After a year of unprecedented proliferation of spyware, malware and cyber attacks of all types, security software vendor Symantec warns there’s plenty more where that came from in its just-released 2010 Security Trends to Watch report.
Kevin Haley, Symantec Security Response group product manager, this week posted an ironic blog entry titled “Don’t Read This Blog” to draw attention to the company’s latest report and to illustrate how Internet users have been conditioned to click any compelling link without regard to the possible—and often probable — security consequences of their actions.
“We love to click,” he wrote. “Clicking on links and attachments that are accompanied by just the slightest bit of social engineering appears to be a basic human need.”
“I expect it to show in a revision of Maslow’s Hierarchy of Human Needs any day now — behind love, but certainly ahead of safety,” he added.
Whether it’s a come-on for what appears to be a friendly game of online Monopoly or the incessant and sinister pleadings of a bogus antivirus application, malware scams have become more sophisticated and damaging with each passing day.
A report released earlier this year by the Anti-Phishing Working Group (APWG) found that fake anti-malware and security software programs soared up more than 585 percent in the first half of 2009 alone. In 2007, Gartner said that more than 3.6 million people lost more than $3.2 billion to malicious phishing scams.
“Yes, it’s a cheap trick and not even close to original,” Haley wrote of his creative blog title. “[But] since social engineering plays such a prominent role in future trends, it seemed appropriate.”
The dirty baker’s dozen
Whether you’re using your mobile phone to check e-mail and surf the Web or an enterprise IT administrator charged with safeguarding your company’s data, Symantec says the following 13 security issues will be most relevant in 2010:
1) Antivirus is not enough
With the rise of polymorphic threats and the explosion of unique malware variants in 2009, the industry is quickly realizing that traditional approaches to antivirus (including both file signatures and heuristic/behavioral capabilities) are not enough to protect against today’s threats. We have reached an inflection point, where new malicious programs are actually being created at a higher rate than good programs.
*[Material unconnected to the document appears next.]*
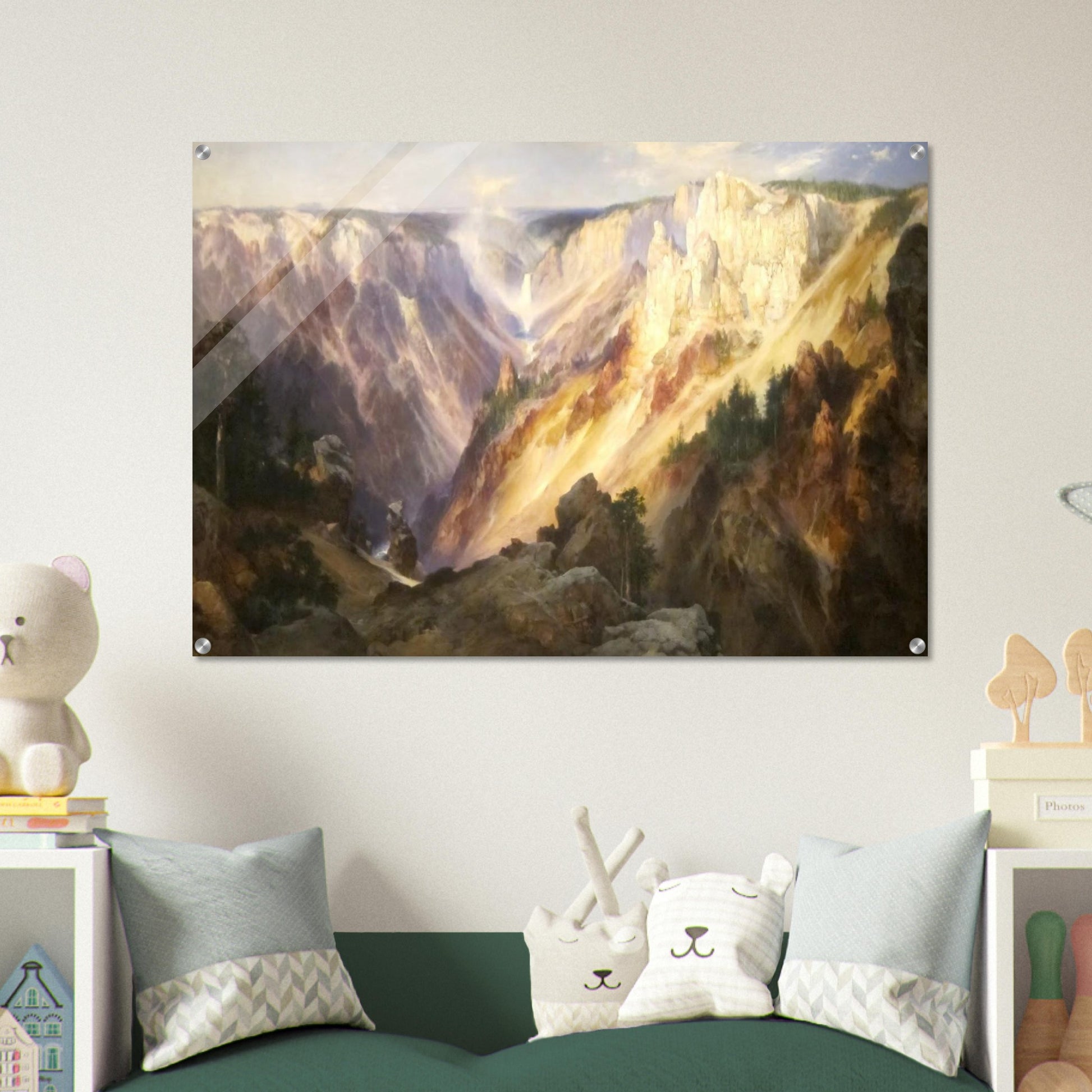 Grand Canyon of the Yellowstone - Thomas Moran Acrylic Print - 70x100 cm / 28x40″ inches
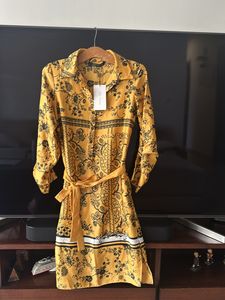 New With Tags Zara Floral Yellow/mustard Dress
Approaches to security that looks for ways to include all software files, such as reputation-based security, will become key in 2010.
2) Social engineering as the primary attack vector
More and more, attackers are going directly after the end user and attempting to trick them into downloading malware or divulging sensitive information under the auspice that they are doing something perfectly innocent. Social engineering’s popularity is at least in part spurred on by the fact that what operating system and Web browser rests on a user’s computer is largely irrelevant, as it is the actual user being targeted, not necessarily vulnerabilities on the machine.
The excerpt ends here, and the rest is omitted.